* **PROBLEM STATEMENT**
Provide a character-exact reproduction of the lines from the line with "Güzel genç çift evde mutfakta eğleniyor." to the end of the entries.
····················
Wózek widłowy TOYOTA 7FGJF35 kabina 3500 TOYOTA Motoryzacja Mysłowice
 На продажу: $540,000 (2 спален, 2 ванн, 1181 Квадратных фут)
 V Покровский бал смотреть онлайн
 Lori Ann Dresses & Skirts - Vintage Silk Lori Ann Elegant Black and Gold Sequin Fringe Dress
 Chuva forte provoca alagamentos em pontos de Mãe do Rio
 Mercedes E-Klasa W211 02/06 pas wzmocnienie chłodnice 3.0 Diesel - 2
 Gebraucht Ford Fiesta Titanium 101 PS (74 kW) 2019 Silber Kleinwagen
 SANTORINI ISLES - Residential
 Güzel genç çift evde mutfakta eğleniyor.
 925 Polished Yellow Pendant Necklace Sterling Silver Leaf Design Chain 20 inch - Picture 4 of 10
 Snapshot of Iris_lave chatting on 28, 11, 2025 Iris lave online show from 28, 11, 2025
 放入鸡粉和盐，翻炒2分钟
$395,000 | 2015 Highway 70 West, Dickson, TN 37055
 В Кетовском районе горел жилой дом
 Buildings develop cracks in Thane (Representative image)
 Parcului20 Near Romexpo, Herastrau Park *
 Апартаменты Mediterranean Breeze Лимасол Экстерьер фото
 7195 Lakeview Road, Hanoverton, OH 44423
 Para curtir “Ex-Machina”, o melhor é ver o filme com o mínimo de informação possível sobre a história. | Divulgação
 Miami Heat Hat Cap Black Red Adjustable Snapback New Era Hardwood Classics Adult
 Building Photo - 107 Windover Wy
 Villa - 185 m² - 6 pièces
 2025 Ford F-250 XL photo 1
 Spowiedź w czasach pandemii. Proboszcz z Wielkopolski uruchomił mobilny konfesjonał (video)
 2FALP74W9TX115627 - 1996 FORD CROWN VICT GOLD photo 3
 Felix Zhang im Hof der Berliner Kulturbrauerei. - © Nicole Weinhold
····················
* **SOLUTION FOR THIS EXERCISE**
 Güzel genç çift evde mutfakta eğleniyor.
 925 Polished Yellow Pendant Necklace Sterling Silver Leaf Design Chain 20 inch - Picture 4 of 10
 Snapshot of Iris_lave chatting on 28, 11, 2025 Iris lave online show from 28, 11, 2025
 放入鸡粉和盐，翻炒2分钟
$395,000 | 2015 Highway 70 West, Dickson, TN 37055
 В Кетовском районе горел жилой дом
 Buildings develop cracks in Thane (Representative image)
 Parcului20 Near Romexpo, Herastrau Park *
 Апартаменты Mediterranean Breeze Лимасол Экстерьер фото
 7195 Lakeview Road, Hanoverton, OH 44423
 Para curtir “Ex-Machina”, o melhor é ver o filme com o mínimo de informação possível sobre a história. | Divulgação
 Miami Heat Hat Cap Black Red Adjustable Snapback New Era Hardwood Classics Adult
 Building Photo - 107 Windover Wy
 Villa - 185 m² - 6 pièces
 2025 Ford F-250 XL photo 1
 Spowiedź w czasach pandemii. Proboszcz z Wielkopolski uruchomił mobilny konfesjonał (video)
 2FALP74W9TX115627 - 1996 FORD CROWN VICT GOLD photo 3
 Felix Zhang im Hof der Berliner Kulturbrauerei. - © Nicole Weinhold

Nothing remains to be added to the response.